Deadly birds of the soul.

 

She slipped one of the store's bookmarks into the page and told the girl to wish her boyfriend "Happy Birthday" for her. The girl assured her she would, and thanked her for helping her with the book. "He'll love it," she said, and Sarah thought, but did not say, "He'll love it because he loves you."

 

 

6.

 

She scrambled an egg for her dinner that night, and set a place for herself at the kitchen table, using her grandmother's old dishes. It sometimes seemed like everything she had was old--the table had belonged to her great-grandmother, and the dishes had been her grandmother's. The chair in the living room was one that her mother had given her for her first apartment, as was the wooden table that sat beside it. She had bought a few things over the years, mostly small things like bookshelves and rugs, but most of her things she'd had for a long time. She was comforted by that, although she sometimes thought she should get rid of them and just go out and buy everything new--new furniture, new clothes, new dishes . . . She had the money, after all.

But every time, she shook the thought off. She didn't need new clothes, her clothes were perfectly fine. She didn't work in an office anymore, and here in Florida it didn't matter as much anyway. She hadn't worn stockings once since she'd been here, and every time she cleaned out her closet she flirted with the idea of giving away all her old suits and shoes. Maybe she'd do that, finally, this year. Maybe for Christmas she'd clean out the closet and give everything to the poor. Although what the poor would want with her old pumps and business suits, she couldn't imagine.

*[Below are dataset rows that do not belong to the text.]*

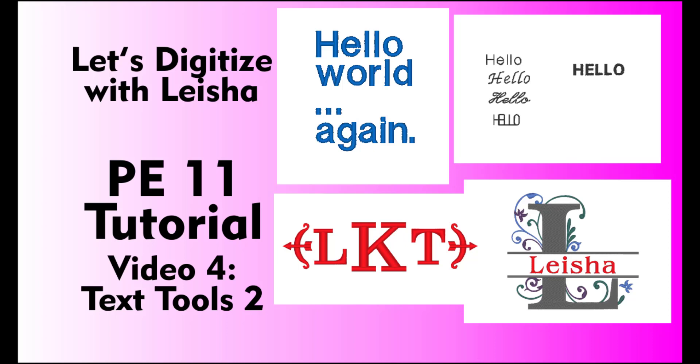Hi, this is Leisha. I teach digitizing classes at my girlfriend's quilt shop in Logan, Utah. For more information about the quilt shop or the classes you can take there, see the link in the description below.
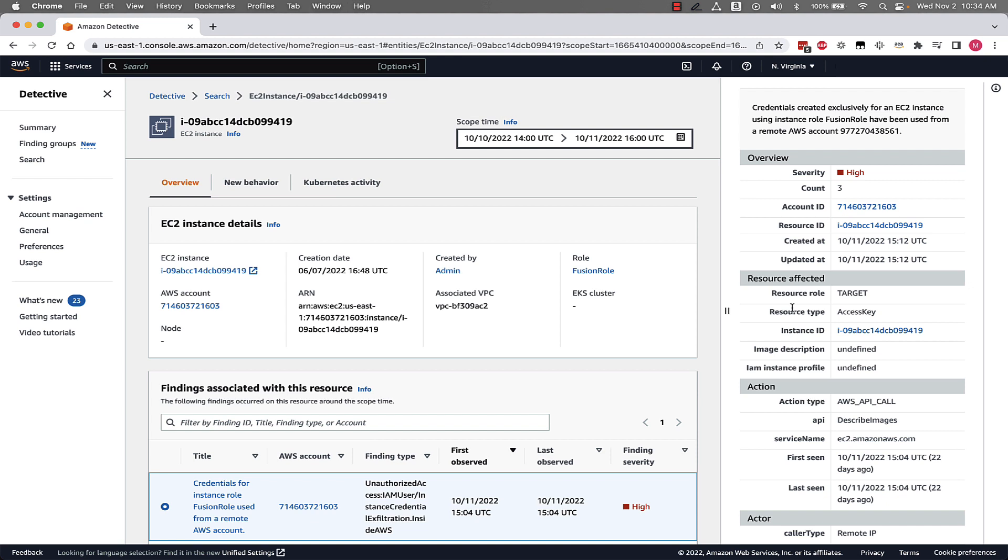So in the console we've been able to see what is associated with a new finding group and how we can use these new finding groups to better investigate a singular security issue that might span across lots of different resources.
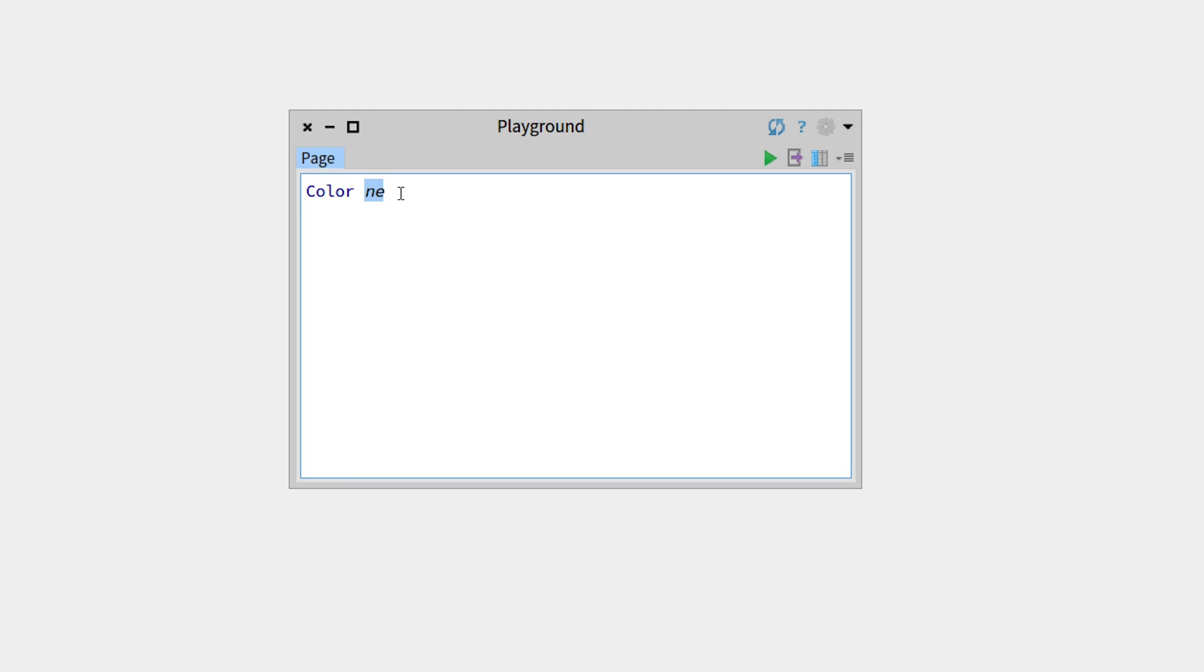But now if we write for example next, this is red. This is not recognized by the system.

She read while she ate her tea and toast and the egg--a cozy murder mystery set in a needlework shop--then washed the dishes and put them in the drainer to dry. She carried her book into the living room and settled into an overstuffed chair, but didn't turn on the lamp. She sat in the dark until Dinah came looking for her and, meowing, jumped into her lap. She looked up, questioning, and bumped her head into Sarah's chin.

"I know, sweetie. I know." Sarah said. "Let's go write a letter."

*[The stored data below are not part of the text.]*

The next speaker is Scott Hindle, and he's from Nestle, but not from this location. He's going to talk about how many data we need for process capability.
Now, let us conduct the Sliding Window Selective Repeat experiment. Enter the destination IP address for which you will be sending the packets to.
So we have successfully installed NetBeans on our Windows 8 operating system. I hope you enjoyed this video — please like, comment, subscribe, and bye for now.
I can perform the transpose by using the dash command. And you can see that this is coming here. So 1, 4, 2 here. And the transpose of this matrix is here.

She carried the cat into the bedroom, but when Sarah sat down at the computer, Dinah jumped down and ran back into the living room. "Okay, be that way," Sarah said, and pressed the power button. While she waited for the computer to power on, she walked around the room and lit candles on her dresser, on the bedside table, and on her little altar. As she walked past it she touched her finger to her lips, then to the photograph in the tiny frame.

She sat back down at the computer, opened up a web browser, typed in the address, and sat with her hands poised over the keys while the page loaded. She typed:

 

Dear Gaby . .

 

* * *

 

The Dead Letter Office

 

The Post Office promises to deliver mail rain or shine, through snow or sleet or dead of night . . .

 

Ever want to write a letter that you don't want to reach its destination?

 

A letter to an old boyfriend or girlfriend, an old boss, someone you have a crush on. Tying up loose ends, healing old wounds, pouring out your heart. Not that you necessarily want to actually tell that person.

 

Or maybe it's someone who isn't reachable by normal means--someone who has passed on, or a public personality with no published address. Or even an imaginary person, or someone whose existence you aren't sure about. Maybe you never knew your father, or your mother. Maybe you'd still like to talk to them.

 

You think you'd feel better if you could just write the letter, and you've been writing it in your head for months, or years. Now you can mail that special letter from the Dead Letter Office, and feel the relief of letting it go.

 

All mail received at The Dead Letter Office is immediately destroyed without reading. No record is made of any information about you. We have no way of knowing who you are, nor do we care. We are merely providing a much needed service.

 

Sarah had read the text at the web site a dozen times or more over the past year since she discovered it. She sometimes clicked through the site's pages while she was thinking of what to write, trying to put her thoughts into words that could be translated to the screen, then sent off to be, as the website put it in the FAQ, "broken apart into its component molecules and scattered into the air."